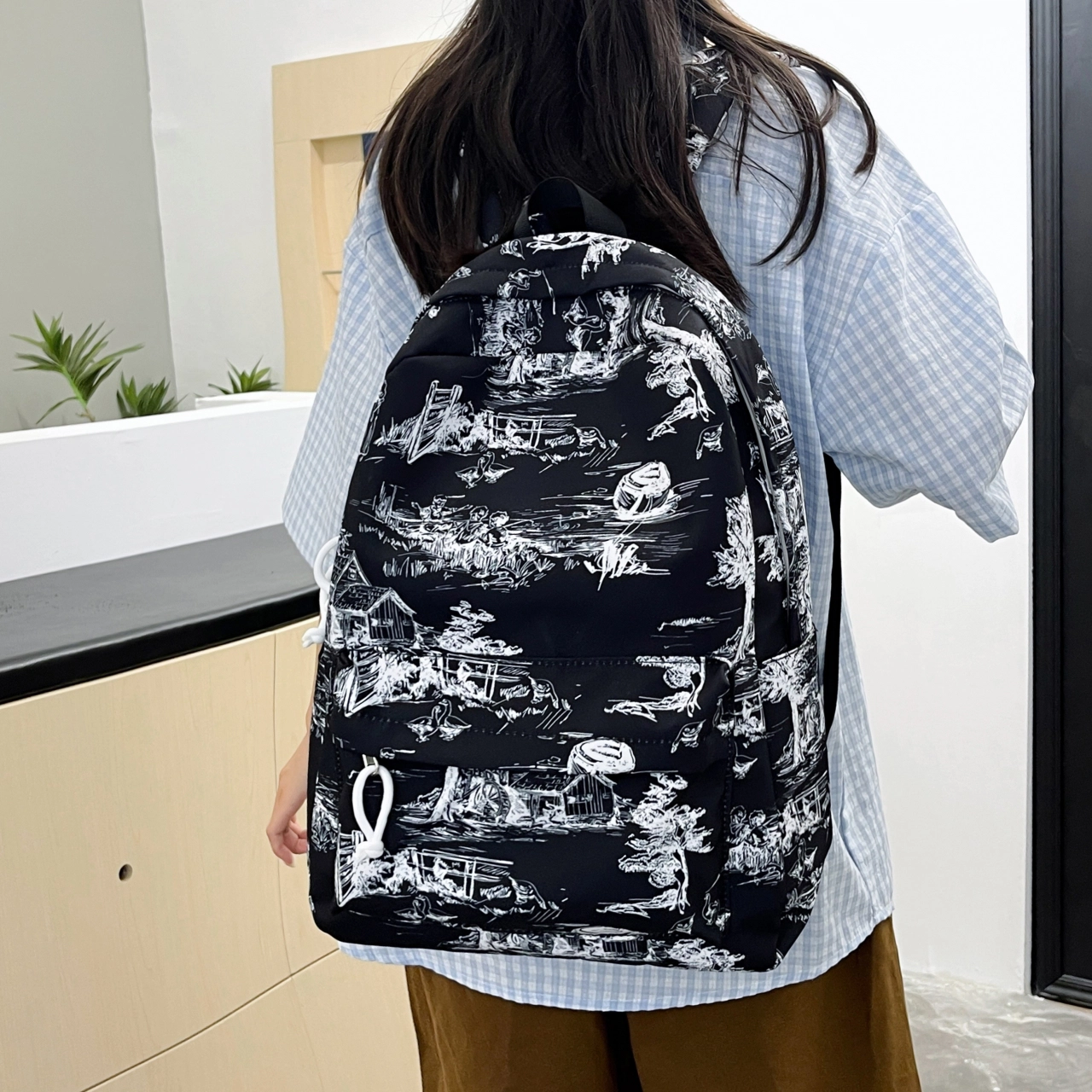 泰格奴 小清新休闲高颜值韩版背包初中生高中生大学生上课百搭书包 尼龙 双肩包 男女同款情侣款 白色/蓝色/黑色
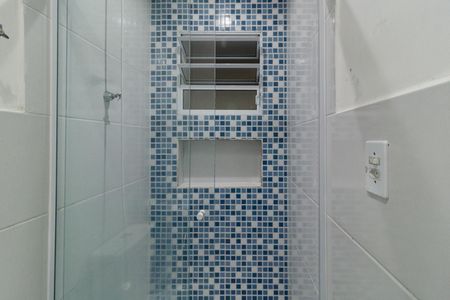Banheiro de kitnet/studio para alugar com 1 quarto, 24m² em Jardim Felicidade(zona Norte), São Paulo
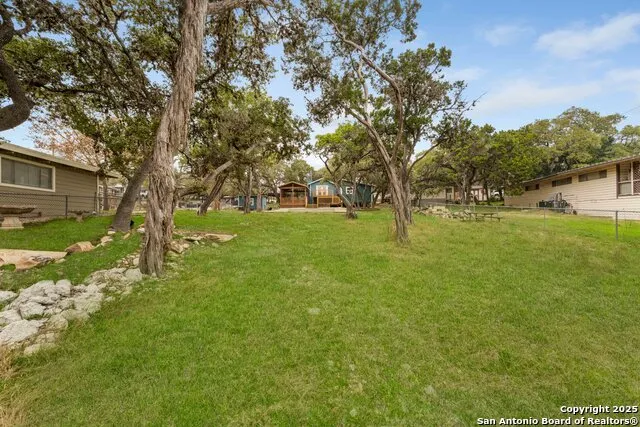 143 Park Dr Pipe Creek, TX 78063
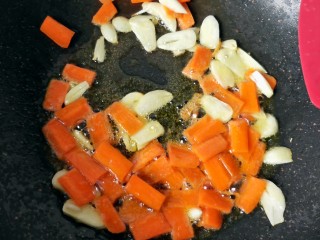 6、蚝油海鲜菇,放胡萝卜翻炒。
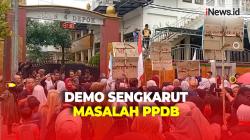 Gelar Demo di Depan SMAN 4 Depok, Ratusan Emak-Emak Soroti Sengkarut Masalah PPDB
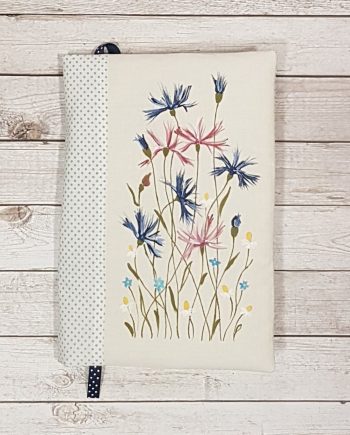 Рисувана подвързия за книга "Метличини"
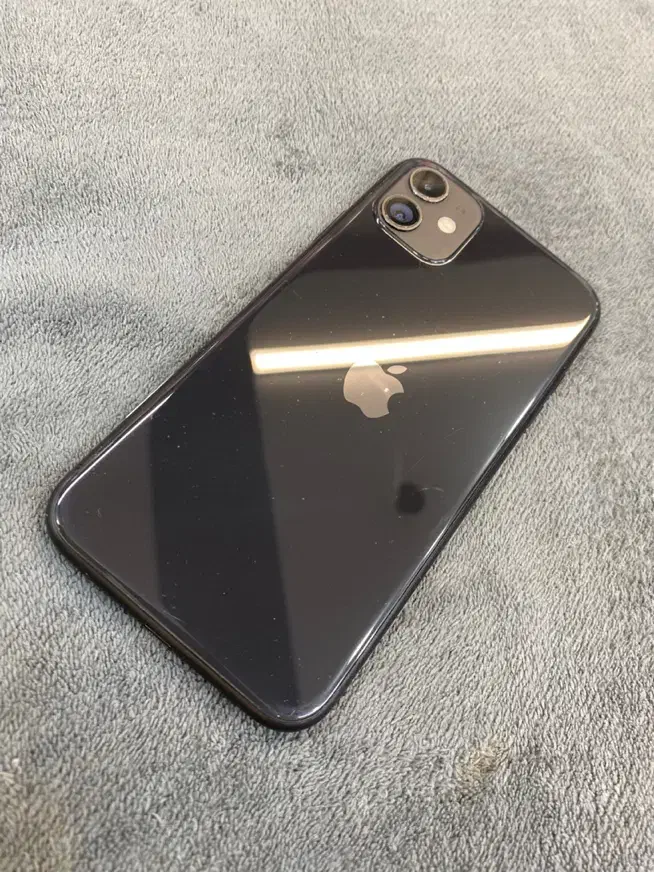 ایفون ۱۱ نرمال|موبایل|بندرعباس, |دیوار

• What you are asked to do: Would you mind transcribing the material exactly, without the pictures?

• Answer section:
 泰格奴 小清新休闲高颜值韩版背包初中生高中生大学生上课百搭书包 尼龙 双肩包 男女同款情侣款 白色/蓝色/黑色
Banheiro de kitnet/studio para alugar com 1 quarto, 24m² em Jardim Felicidade(zona Norte), São Paulo
 143 Park Dr Pipe Creek, TX 78063
 6、蚝油海鲜菇,放胡萝卜翻炒。
 Gelar Demo di Depan SMAN 4 Depok, Ratusan Emak-Emak Soroti Sengkarut Masalah PPDB
 Рисувана подвързия за книга "Метличини"
 ایفون ۱۱ نرمال|موبایل|بندرعباس, |دیوار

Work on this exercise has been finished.